# WORK INSTRUCTION:
For the full listing below, write out each entry exactly and exclude the images.

· · ·

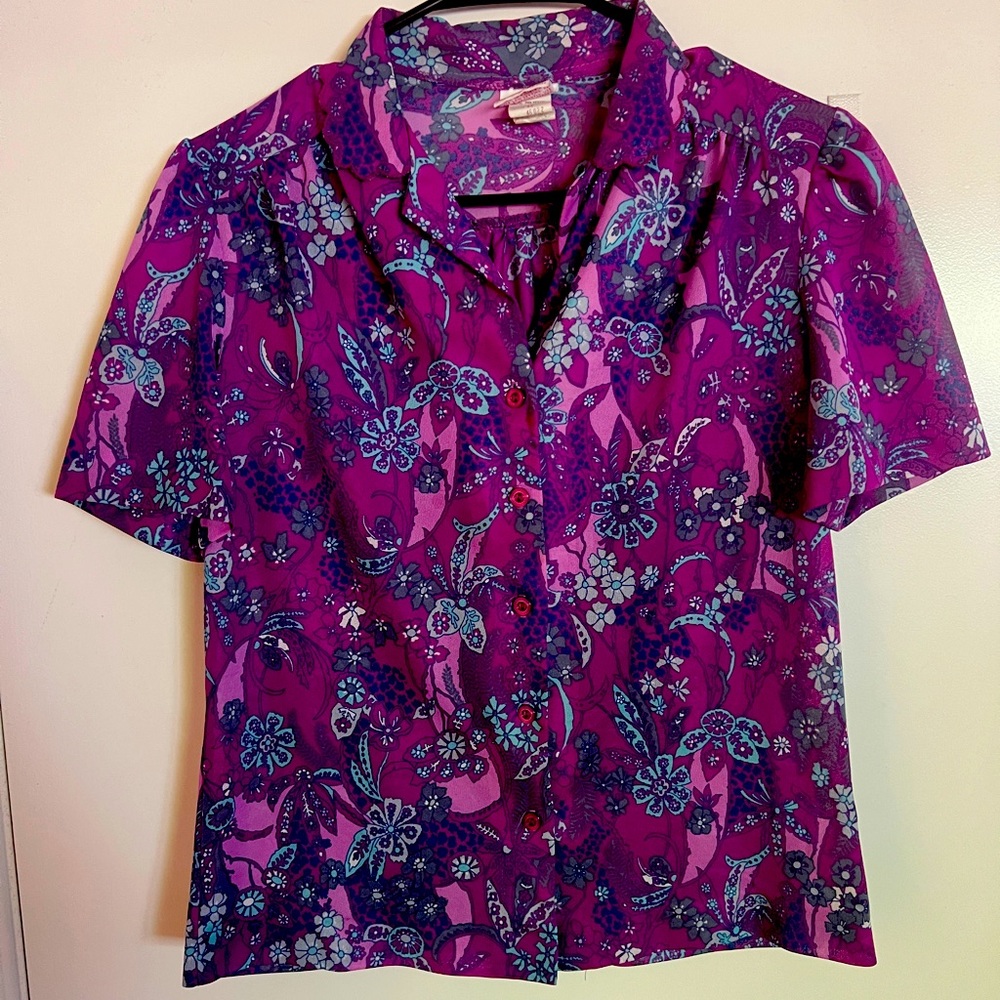 Vintage🌞 Psychedelic🌈 60s/70s⚡️ Mod Button Down Top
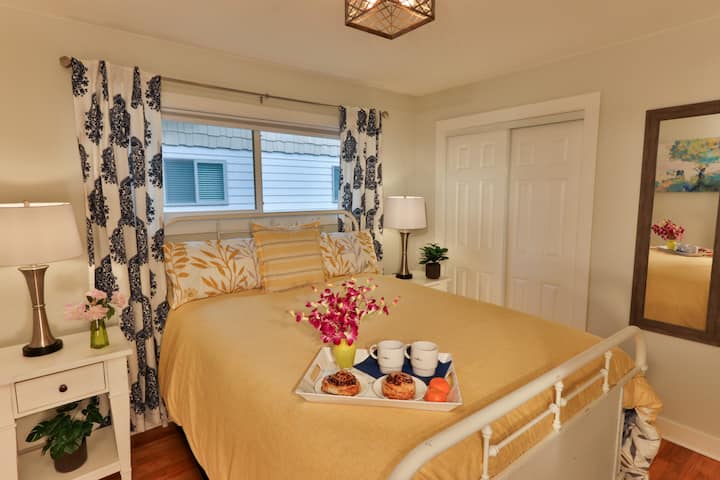 Main floor Queen bedroom w/ closet and TV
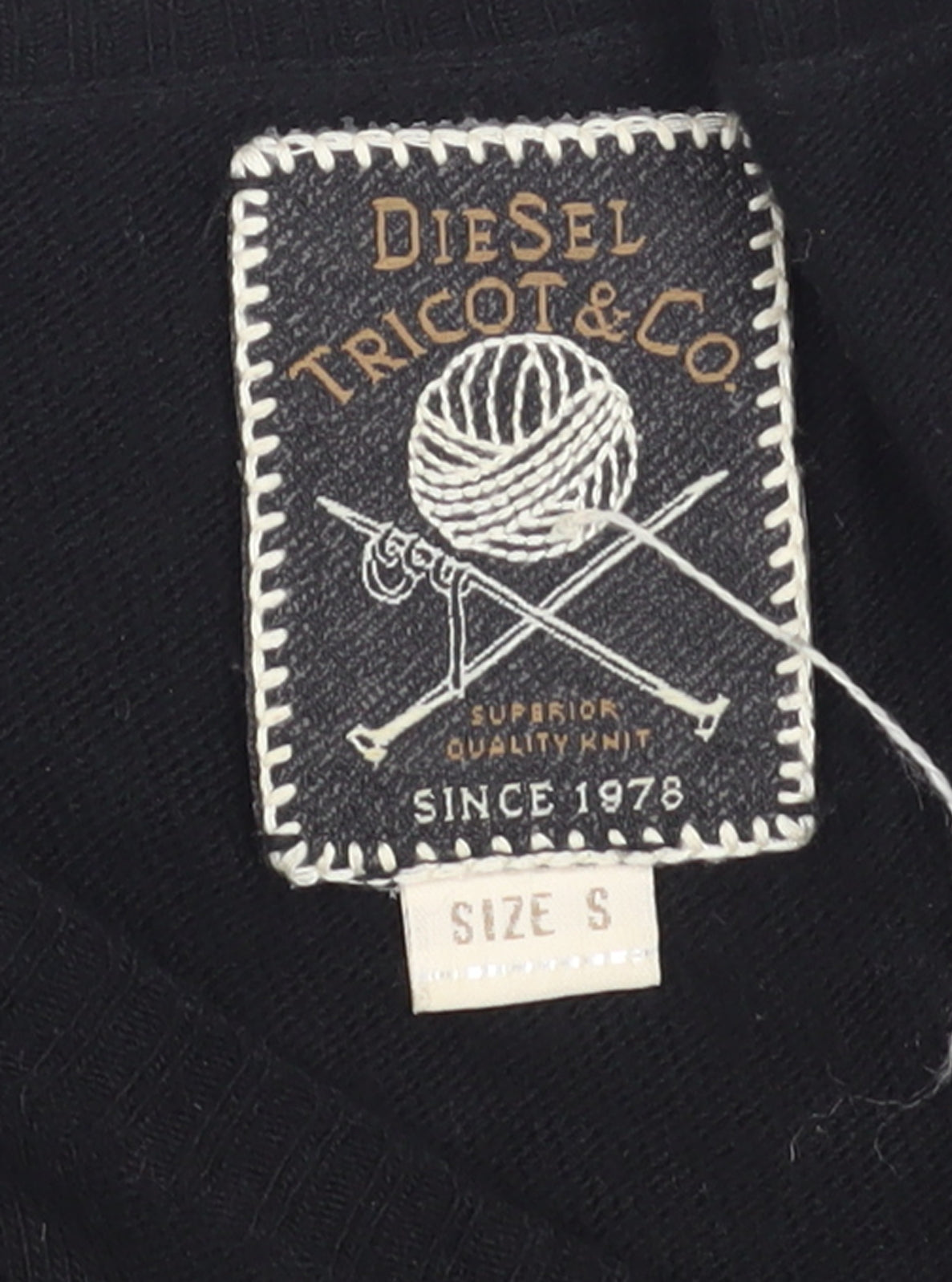 Diesel Men's Black Crew Neck Pullover Jumper Size S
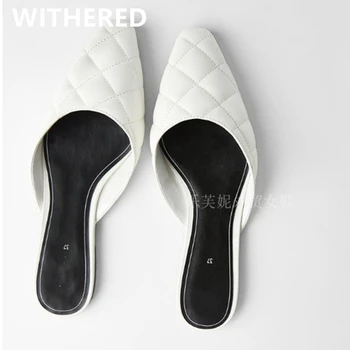 

Withered 2020 summer ins fashion blogger vintage Sewing thread flat shoes mules women slippers women shoes woman shoes women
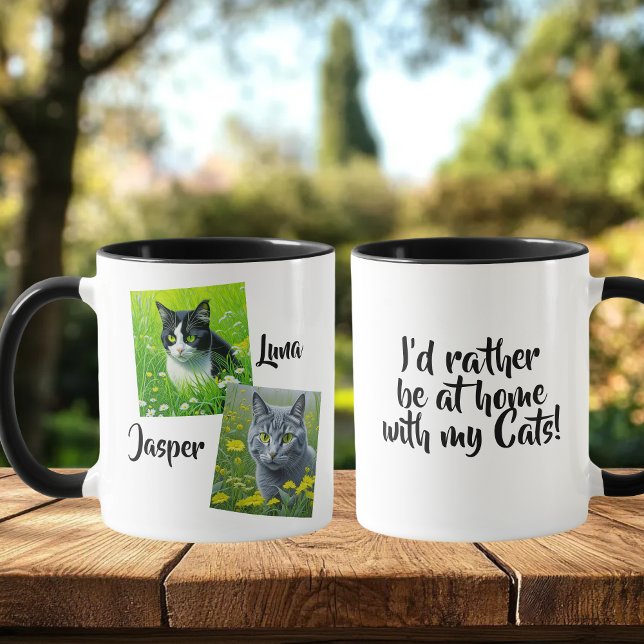 Taza I'd Rather be at Home with my Cats (Subido por el creador)
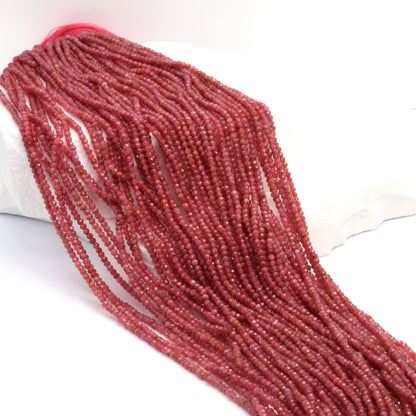 Pink Rhodochrosite 2mm Faceted Rounds Bead Strand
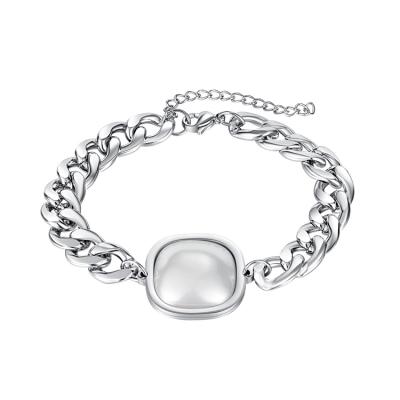 China Restraint Chain Bracelet Stainless Steel Romantic Silver Square Pearl Sea Shell Charms Pendant Bracelets for sale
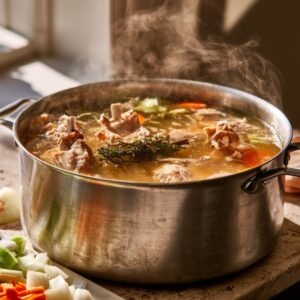 A large stockpot filled almost to the top with golden turkey broth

· · ·

# TASK ANSWER:
 Vintage🌞 Psychedelic🌈 60s/70s⚡️ Mod Button Down Top
 Main floor Queen bedroom w/ closet and TV
 Diesel Men's Black Crew Neck Pullover Jumper Size S

Withered 2020 summer ins fashion blogger vintage Sewing thread flat shoes mules women slippers women shoes woman shoes women
 Taza I'd Rather be at Home with my Cats (Subido por el creador)
 Pink Rhodochrosite 2mm Faceted Rounds Bead Strand
 China Restraint Chain Bracelet Stainless Steel Romantic Silver Square Pearl Sea Shell Charms Pendant Bracelets for sale
 A large stockpot filled almost to the top with golden turkey broth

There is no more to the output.